BASS Press Release
Along with the trophy, Rasmussen earned $9,728 and a berth in the 2024 B.A.S.S. Nation Championship.
“Obviously this is what we all strive to do in this sport. We want to win,” he said. “So, you put your head down and work as hard as you can and try to do it every time. There’s a lot of good anglers that fish this and I am humbled to win it on a lake that hasn’t been very nice to me in the past.”
Alabama’s Kenneth Grover II finished second with a three-day total of 51-12 while Brock Belik finished third with 50-15.
Anglers were welcomed to Lake Eufaula by a major rain storm, which dirtied up a lot of the lake at the beginning of the week.
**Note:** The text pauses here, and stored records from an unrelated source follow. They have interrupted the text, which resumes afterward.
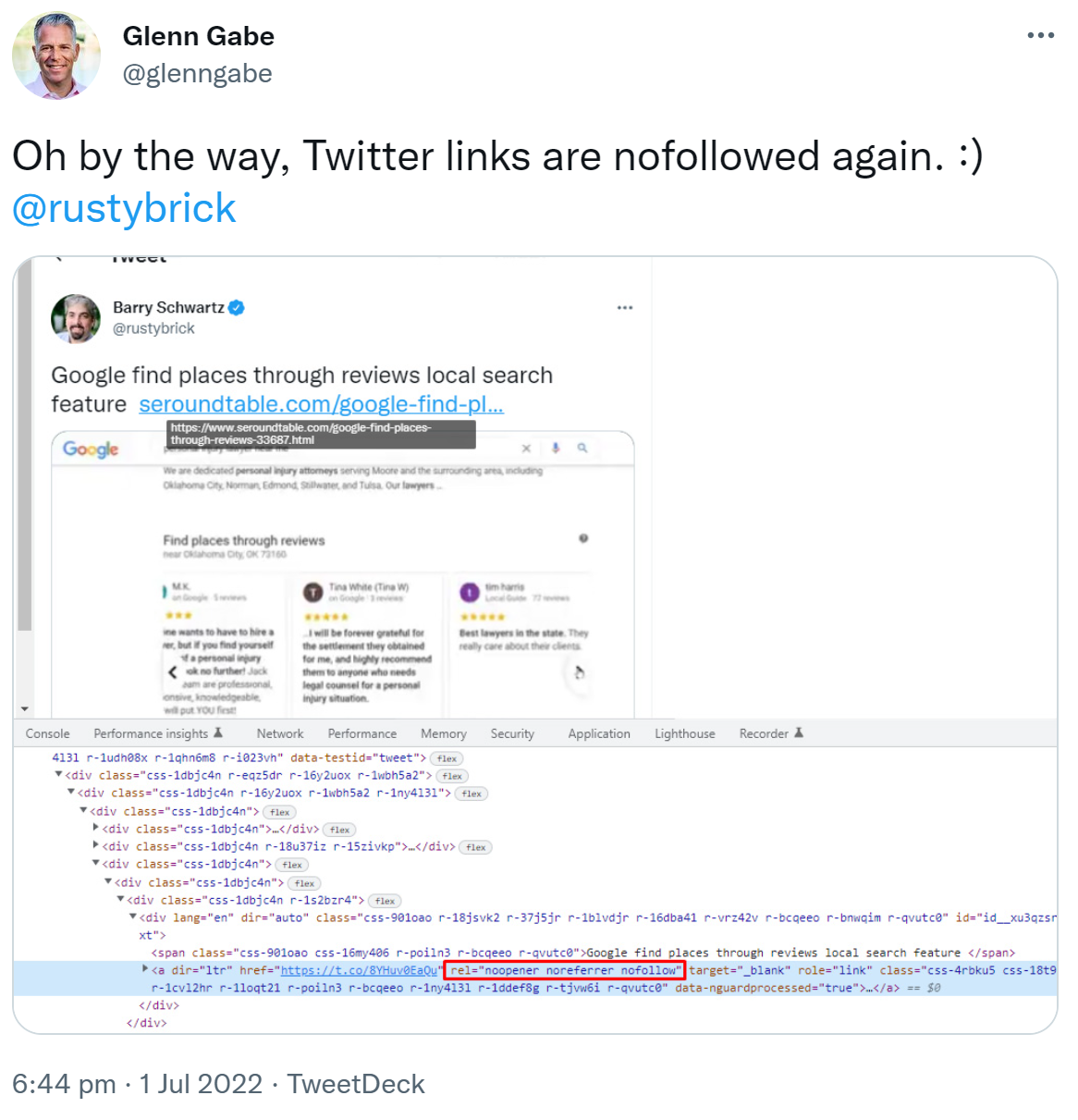 Twitter-Links sind wieder mit 'nofollow' versehen - Glenn Gabe auf Twitter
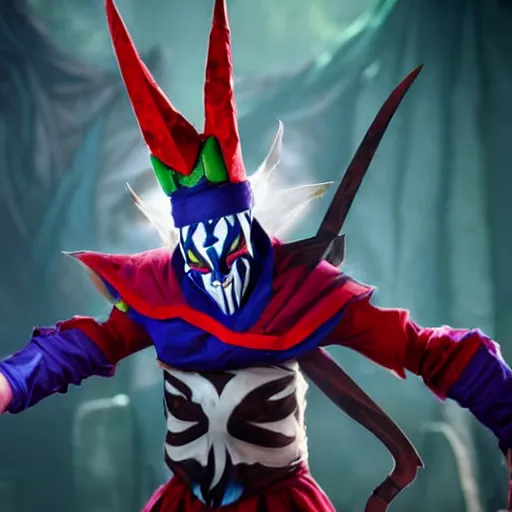 Image similar to ultra realistic shaco the mischevious jester tricking his enemies before he stabs them in the back with his wavy daggers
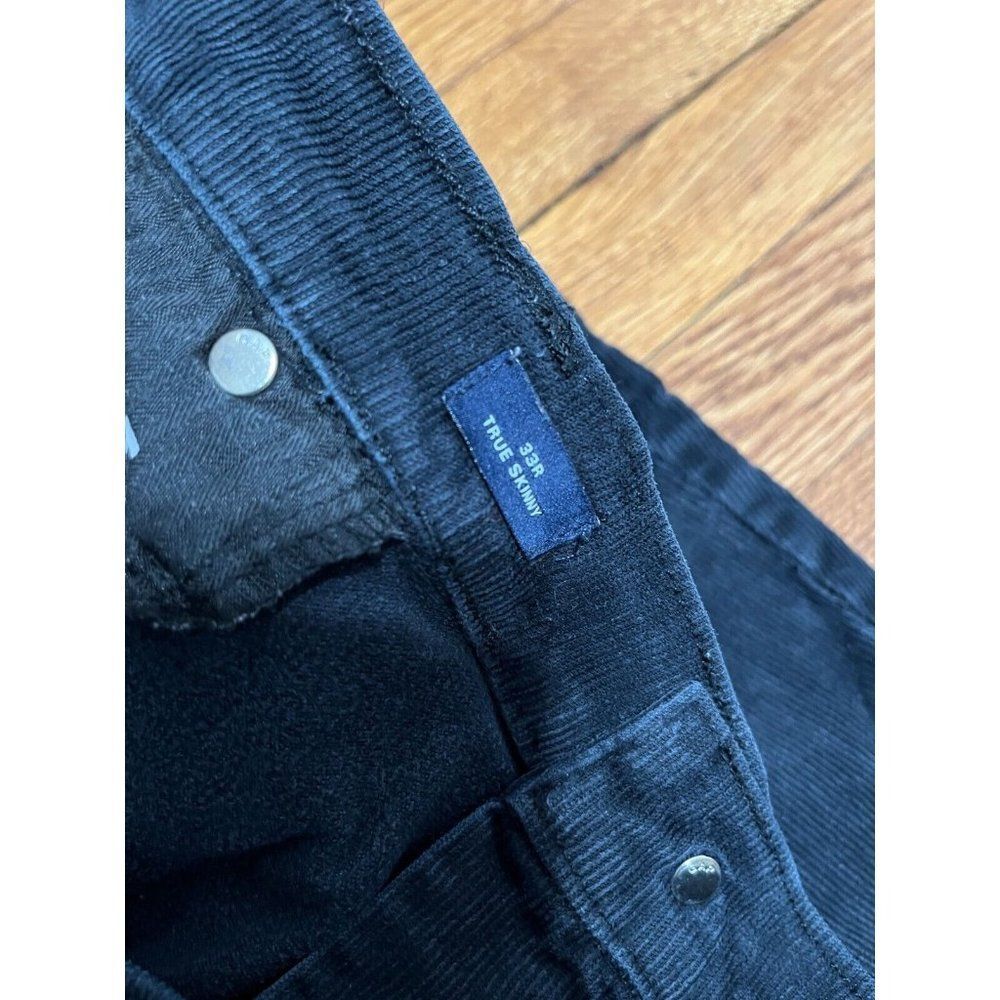 Gap 1969 True Skinny Corduroy Pants Women's Size 36x29 Black Casual - Picture 3 of 5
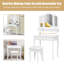 Ensemble coiffeuse avec tabouret et miroir Sindelar-617118523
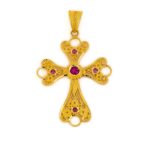 18K Solid Gold Filigree Multi precious Cross - Image 5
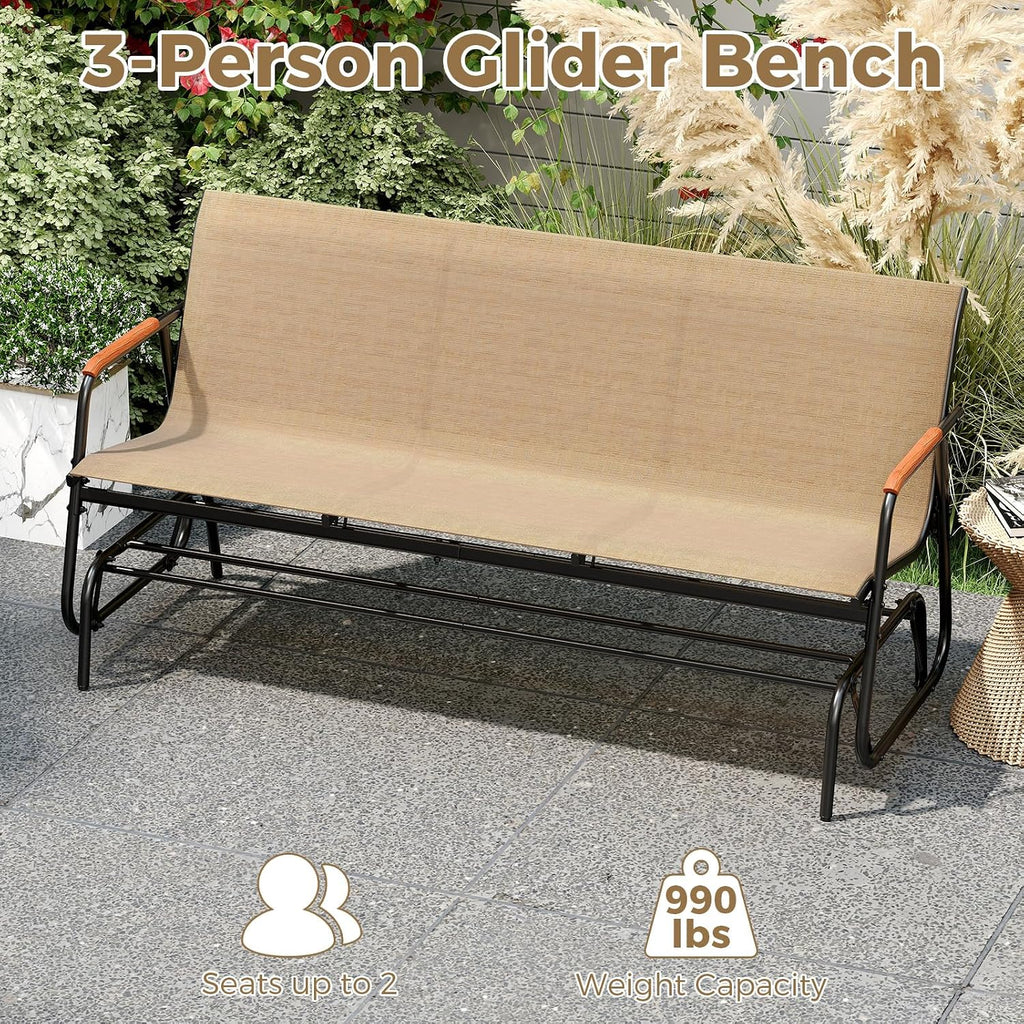 Tangkula 3-Person Outdoor Glider Bench, Patio Gliding Loveseat with Breathable Fabric Seat, Curved Teak Wood Armrests and Metal Frame, Swing Rocking Chair for Backyard, Garden, Porch, Balcony (3 Seat)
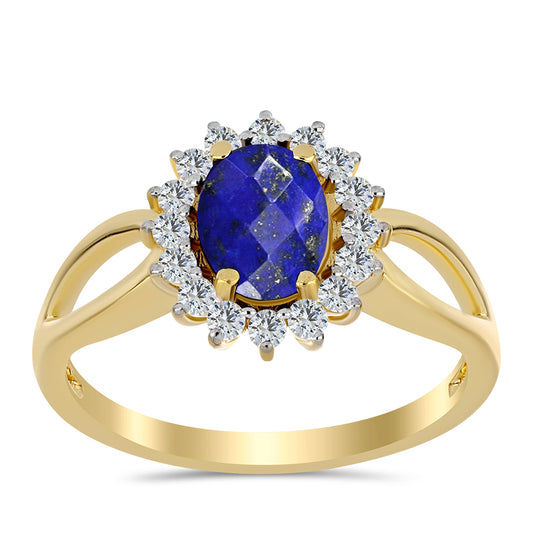 Pozlacené stříbro 925/1000 Prsten s Lapisem Lazuli a Bílým Topazem - Karátové číslo: 1.63. přibližná hmotnost: 3.09 gramů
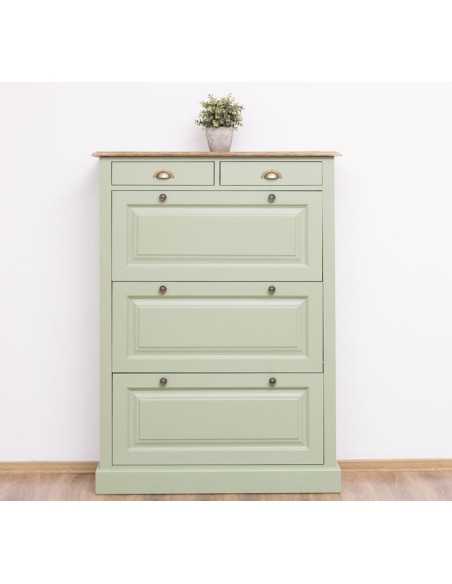 Scarpiera 3 ante e 2 cassetti country in legno colorato MS415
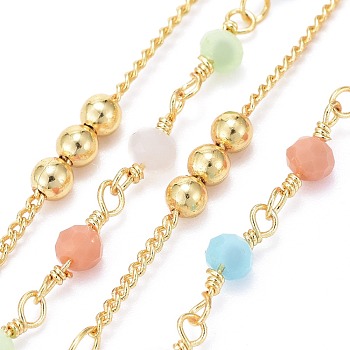 Handmade Brass Curb Chains, with Faceted Glass Links, Brass Beads and Spool, Soldered, Long-Lasting Plated, Real 18K Gold Plated, Colorful, 1.7x1.3x0.4mm, Beads: 3.5x2.5~3mm and 3mm, about 32.8 Feet(10m)/roll
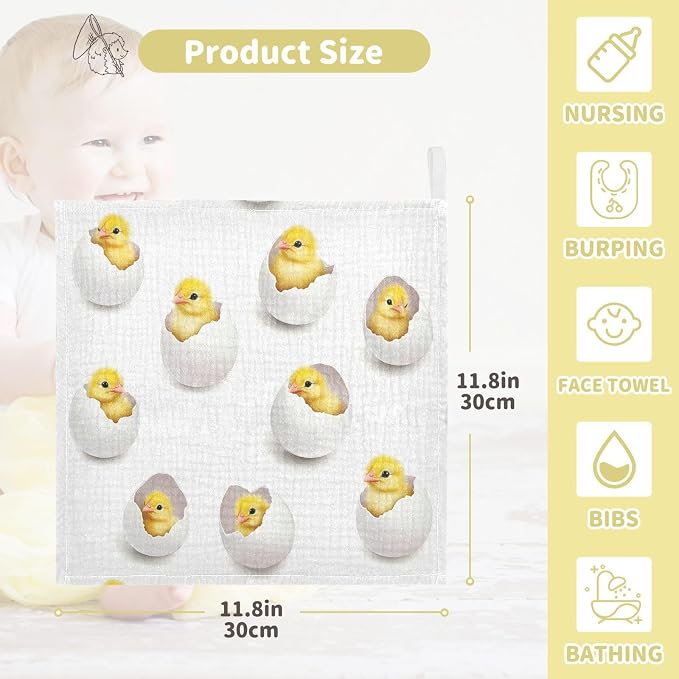 vvfelixl Yellow Chick Egg Baby Burp Cloths Baby Muslin Washcloths for Boys Girls Cotton Babys Face Towel for Newborn Infants Soft and Absorbent 11.8 X 11.8 in, 5 Pack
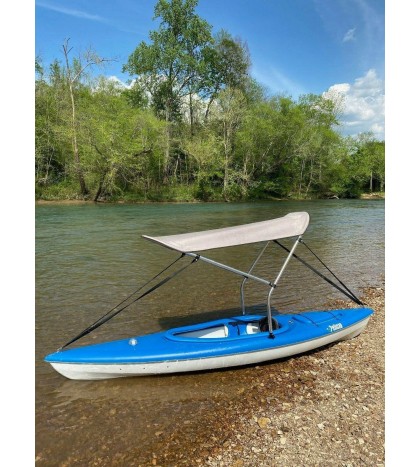 Grey 2' by 5' Canoe / Kayak Sun Shade/Canopy by Cypress Rowe Outfitters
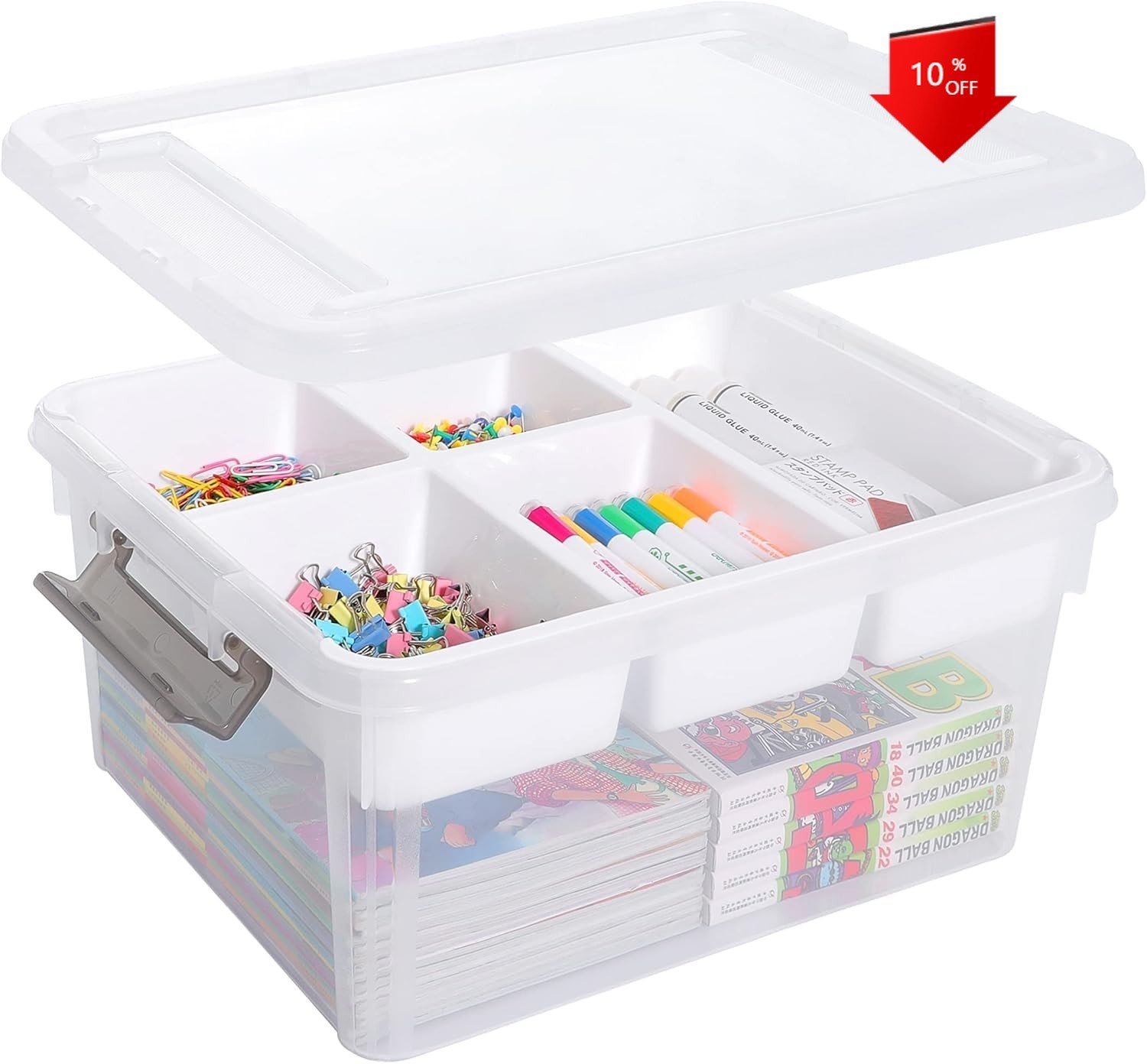 17-Quart Plastic Storage Container (with Removable Tray) Clear Storage Container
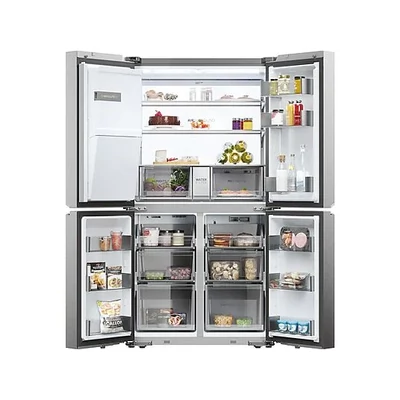 Haier HCR7918EIMP Cube  Többajtós Hűtőszekrény,szabadon álló, 4 ajtós, No Frost, világítás LED, energiaosztály E, platina inox, M x M x S (mm) 908x750x1775 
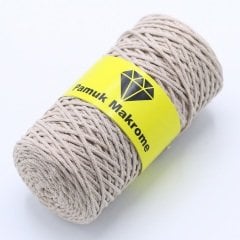 Pamuklu Makrome İpi (2mm - 250gr) Açık Bej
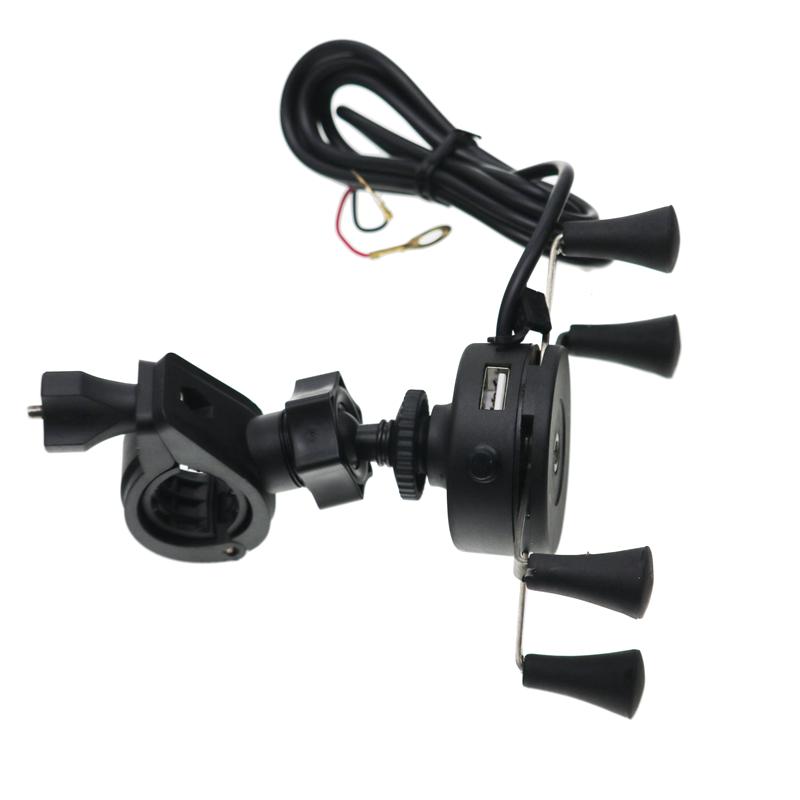 LMoDri Motorcycle 360 Rotating Handlebar Mount Mobile Phone Holder USB Charging Bracket Scooter Handle Support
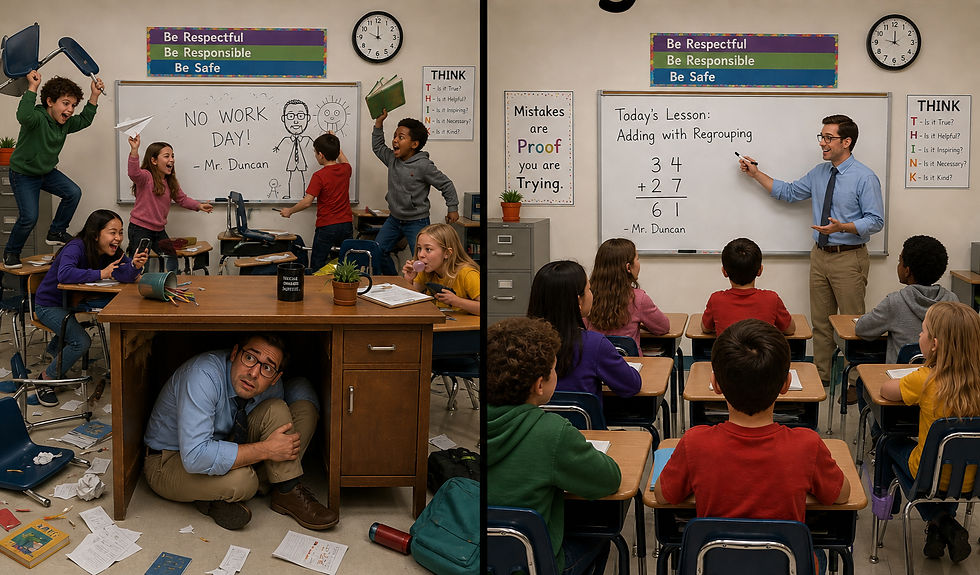 This set of pictures is more for subs, and is a bit over the top, but it does illustrate how easy it is for a teacher to think everything is great because they don't have anything to compare it to.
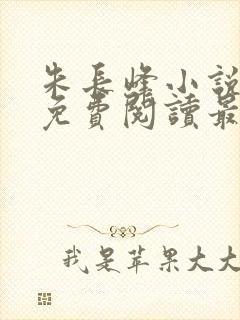朱长峰小说全文免费阅读最新章节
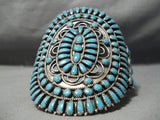 Craziest Vintage Native American Navajo Larry Moses Begay Turquoise Sterling Silver Bracelet-Nativo Arts
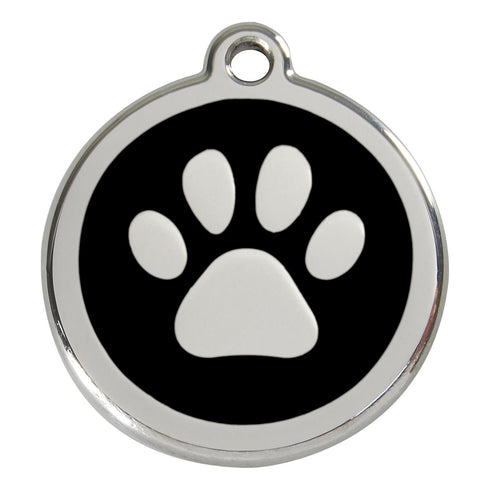Stainless Steel And Enamel Paw Print Black Dog ID Tag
Rasmussen made a concerted effort to scan almost the entirety of practice in cleaner water, trying to find as many sweet spots as possible so he didn’t run out of areas to fish in the tournament.
“I looked for as much stuff as I could. I probably laid down 400 icons (on my graph),” said Rasmussen, who notched an Opens victory on Alabama’s Wheeler Lake in 2023. “I always seem to run out of stuff halfway through Day 2. I pretty much had the attitude that I was going to find as much as I possibly could so I didn’t run out. And I didn’t. There’s still more that I didn’t even get to.”
Opening the tournament in second with 19-1, Rasmussen anchored a 24-7 Day 2 bag with a 7-9 largemouth, which was the Big Bass of the Tournament, and took an impressive lead into the final day.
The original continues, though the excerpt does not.